[Provided data — start]

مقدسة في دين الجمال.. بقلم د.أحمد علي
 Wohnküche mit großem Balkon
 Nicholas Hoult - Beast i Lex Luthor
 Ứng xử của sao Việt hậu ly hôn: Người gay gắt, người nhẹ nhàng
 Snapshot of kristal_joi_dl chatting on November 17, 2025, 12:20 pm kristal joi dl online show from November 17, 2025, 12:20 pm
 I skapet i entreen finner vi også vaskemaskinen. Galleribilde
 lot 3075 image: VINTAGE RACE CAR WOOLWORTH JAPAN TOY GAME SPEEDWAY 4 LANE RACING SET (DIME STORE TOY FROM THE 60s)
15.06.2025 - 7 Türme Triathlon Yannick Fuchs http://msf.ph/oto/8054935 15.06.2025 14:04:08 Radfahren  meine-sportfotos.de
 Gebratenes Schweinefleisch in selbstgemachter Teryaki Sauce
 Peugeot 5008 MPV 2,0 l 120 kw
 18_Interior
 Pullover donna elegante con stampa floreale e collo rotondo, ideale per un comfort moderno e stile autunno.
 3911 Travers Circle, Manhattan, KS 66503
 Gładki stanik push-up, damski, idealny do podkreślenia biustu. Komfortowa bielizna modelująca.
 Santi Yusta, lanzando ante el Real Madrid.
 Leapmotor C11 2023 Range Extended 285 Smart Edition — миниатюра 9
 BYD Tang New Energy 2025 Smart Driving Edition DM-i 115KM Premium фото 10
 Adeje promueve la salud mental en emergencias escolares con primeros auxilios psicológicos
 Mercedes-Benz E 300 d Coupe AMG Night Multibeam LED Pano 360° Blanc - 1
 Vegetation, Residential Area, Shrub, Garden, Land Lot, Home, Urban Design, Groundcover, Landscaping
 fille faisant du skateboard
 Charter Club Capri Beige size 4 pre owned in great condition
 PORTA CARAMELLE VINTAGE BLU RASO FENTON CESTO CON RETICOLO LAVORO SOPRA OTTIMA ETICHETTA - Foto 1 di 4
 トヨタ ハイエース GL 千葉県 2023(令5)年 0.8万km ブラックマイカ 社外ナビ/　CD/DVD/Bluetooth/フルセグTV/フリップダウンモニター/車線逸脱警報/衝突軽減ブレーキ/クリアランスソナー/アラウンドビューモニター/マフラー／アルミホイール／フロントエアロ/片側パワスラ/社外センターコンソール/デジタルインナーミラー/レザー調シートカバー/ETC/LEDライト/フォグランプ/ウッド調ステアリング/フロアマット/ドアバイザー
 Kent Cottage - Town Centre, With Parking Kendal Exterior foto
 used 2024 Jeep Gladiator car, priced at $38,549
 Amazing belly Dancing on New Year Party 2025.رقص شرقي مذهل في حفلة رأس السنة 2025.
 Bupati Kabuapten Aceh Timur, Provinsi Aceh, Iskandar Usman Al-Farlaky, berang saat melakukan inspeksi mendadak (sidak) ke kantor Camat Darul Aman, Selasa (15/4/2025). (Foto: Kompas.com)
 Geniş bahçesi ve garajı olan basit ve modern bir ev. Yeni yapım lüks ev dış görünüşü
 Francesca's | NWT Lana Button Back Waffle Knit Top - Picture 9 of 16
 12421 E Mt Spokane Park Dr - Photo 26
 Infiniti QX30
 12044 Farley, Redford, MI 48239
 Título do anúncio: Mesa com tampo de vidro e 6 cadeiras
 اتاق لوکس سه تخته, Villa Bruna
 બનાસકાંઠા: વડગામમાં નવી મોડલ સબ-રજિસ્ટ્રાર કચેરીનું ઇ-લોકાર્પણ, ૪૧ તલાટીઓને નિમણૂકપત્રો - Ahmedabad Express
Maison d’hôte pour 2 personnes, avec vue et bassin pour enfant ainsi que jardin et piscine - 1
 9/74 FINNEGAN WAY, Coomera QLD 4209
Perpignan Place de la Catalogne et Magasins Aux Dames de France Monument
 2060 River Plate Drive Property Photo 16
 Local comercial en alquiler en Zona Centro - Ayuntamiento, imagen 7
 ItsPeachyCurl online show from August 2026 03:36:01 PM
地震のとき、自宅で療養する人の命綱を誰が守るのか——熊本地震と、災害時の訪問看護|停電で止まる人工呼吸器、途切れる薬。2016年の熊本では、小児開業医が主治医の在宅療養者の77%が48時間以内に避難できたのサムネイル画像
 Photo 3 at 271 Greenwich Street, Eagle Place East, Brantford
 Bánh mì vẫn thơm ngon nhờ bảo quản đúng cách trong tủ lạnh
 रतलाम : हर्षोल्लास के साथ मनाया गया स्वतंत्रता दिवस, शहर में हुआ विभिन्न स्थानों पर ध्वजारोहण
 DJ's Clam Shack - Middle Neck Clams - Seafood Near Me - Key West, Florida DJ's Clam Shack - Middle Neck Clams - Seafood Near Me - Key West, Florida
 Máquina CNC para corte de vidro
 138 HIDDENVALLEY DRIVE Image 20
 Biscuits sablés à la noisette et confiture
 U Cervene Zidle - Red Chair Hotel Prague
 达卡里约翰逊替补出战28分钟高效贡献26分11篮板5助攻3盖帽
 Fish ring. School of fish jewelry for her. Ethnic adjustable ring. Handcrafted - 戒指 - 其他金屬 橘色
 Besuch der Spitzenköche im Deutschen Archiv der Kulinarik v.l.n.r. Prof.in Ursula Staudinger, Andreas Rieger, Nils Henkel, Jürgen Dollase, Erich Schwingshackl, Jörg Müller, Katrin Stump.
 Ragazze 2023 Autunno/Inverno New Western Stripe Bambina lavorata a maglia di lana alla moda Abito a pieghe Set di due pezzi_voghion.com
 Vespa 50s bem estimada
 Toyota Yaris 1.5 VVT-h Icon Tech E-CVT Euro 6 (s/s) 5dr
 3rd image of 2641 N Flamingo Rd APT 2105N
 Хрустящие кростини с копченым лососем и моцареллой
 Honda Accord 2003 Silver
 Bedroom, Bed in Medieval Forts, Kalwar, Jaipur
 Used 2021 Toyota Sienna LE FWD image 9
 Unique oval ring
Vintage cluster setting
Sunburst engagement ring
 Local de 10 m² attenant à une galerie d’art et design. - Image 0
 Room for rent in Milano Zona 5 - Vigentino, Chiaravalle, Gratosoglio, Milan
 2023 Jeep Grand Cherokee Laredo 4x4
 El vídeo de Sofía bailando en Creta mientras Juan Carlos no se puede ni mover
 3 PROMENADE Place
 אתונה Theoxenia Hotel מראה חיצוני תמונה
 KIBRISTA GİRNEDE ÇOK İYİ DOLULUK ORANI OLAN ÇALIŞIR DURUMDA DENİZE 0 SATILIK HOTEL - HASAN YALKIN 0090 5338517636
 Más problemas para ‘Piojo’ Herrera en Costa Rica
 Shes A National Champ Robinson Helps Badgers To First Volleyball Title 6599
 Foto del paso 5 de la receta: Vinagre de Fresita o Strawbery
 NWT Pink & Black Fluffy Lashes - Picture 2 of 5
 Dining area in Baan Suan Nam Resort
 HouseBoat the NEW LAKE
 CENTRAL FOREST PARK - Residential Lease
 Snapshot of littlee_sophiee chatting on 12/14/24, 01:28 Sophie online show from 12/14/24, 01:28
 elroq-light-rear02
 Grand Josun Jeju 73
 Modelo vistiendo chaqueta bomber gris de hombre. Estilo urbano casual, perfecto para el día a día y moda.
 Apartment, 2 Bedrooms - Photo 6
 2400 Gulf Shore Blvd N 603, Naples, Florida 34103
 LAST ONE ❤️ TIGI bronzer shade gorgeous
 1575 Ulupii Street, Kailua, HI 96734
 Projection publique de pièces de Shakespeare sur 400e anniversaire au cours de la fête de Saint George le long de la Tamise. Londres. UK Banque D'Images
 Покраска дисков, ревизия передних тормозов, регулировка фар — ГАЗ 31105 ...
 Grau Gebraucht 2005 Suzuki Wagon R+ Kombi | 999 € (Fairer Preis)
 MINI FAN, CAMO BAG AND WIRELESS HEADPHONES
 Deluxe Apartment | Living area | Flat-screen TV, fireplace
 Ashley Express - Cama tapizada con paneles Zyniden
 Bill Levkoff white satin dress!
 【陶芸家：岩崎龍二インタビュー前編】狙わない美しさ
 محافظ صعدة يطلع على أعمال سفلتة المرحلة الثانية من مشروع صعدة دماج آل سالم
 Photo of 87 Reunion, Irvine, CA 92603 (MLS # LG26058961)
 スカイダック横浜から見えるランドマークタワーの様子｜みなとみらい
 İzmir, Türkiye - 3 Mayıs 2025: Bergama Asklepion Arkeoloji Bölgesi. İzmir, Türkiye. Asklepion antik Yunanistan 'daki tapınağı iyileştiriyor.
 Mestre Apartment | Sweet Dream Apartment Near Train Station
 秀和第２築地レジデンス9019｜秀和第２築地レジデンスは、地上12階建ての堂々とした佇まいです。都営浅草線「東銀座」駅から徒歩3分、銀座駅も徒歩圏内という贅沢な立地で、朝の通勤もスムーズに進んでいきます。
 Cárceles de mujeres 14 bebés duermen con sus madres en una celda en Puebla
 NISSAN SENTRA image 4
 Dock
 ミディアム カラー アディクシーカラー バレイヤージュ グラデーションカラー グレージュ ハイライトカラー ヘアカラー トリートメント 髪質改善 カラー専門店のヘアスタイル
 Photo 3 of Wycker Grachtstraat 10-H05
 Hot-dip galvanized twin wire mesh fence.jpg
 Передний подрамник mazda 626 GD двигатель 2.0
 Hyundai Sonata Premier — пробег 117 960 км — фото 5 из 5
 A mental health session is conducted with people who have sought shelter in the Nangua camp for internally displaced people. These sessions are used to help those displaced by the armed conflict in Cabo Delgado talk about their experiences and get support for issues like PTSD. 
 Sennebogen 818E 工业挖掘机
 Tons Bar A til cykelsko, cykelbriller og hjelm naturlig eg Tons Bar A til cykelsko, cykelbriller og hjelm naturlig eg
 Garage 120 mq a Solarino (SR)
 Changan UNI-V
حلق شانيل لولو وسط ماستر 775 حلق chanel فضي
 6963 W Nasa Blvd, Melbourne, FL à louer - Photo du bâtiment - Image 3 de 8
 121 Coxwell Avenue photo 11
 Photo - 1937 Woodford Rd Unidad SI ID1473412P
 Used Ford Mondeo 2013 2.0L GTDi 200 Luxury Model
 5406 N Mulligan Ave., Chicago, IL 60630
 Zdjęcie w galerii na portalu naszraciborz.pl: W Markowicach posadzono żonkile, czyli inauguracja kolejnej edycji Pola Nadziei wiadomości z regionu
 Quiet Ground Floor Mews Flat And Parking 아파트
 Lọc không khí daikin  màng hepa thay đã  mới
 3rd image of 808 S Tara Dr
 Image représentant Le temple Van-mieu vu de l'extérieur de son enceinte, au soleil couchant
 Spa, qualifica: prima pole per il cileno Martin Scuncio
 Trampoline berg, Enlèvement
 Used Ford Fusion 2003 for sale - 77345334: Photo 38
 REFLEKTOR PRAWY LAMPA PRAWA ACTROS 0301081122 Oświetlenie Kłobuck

[Provided data — finish]

**Task instructions**
Retype the listing above, word for word, from its first line to the line containing "15.06.2025 - 7", both ends included.

**Task response**
مقدسة في دين الجمال.. بقلم د.أحمد علي
 Wohnküche mit großem Balkon
 Nicholas Hoult - Beast i Lex Luthor
 Ứng xử của sao Việt hậu ly hôn: Người gay gắt, người nhẹ nhàng
 Snapshot of kristal_joi_dl chatting on November 17, 2025, 12:20 pm kristal joi dl online show from November 17, 2025, 12:20 pm
 I skapet i entreen finner vi også vaskemaskinen. Galleribilde
 lot 3075 image: VINTAGE RACE CAR WOOLWORTH JAPAN TOY GAME SPEEDWAY 4 LANE RACING SET (DIME STORE TOY FROM THE 60s)
15.06.2025 - 7 Türme Triathlon Yannick Fuchs http://msf.ph/oto/8054935 15.06.2025 14:04:08 Radfahren  meine-sportfotos.de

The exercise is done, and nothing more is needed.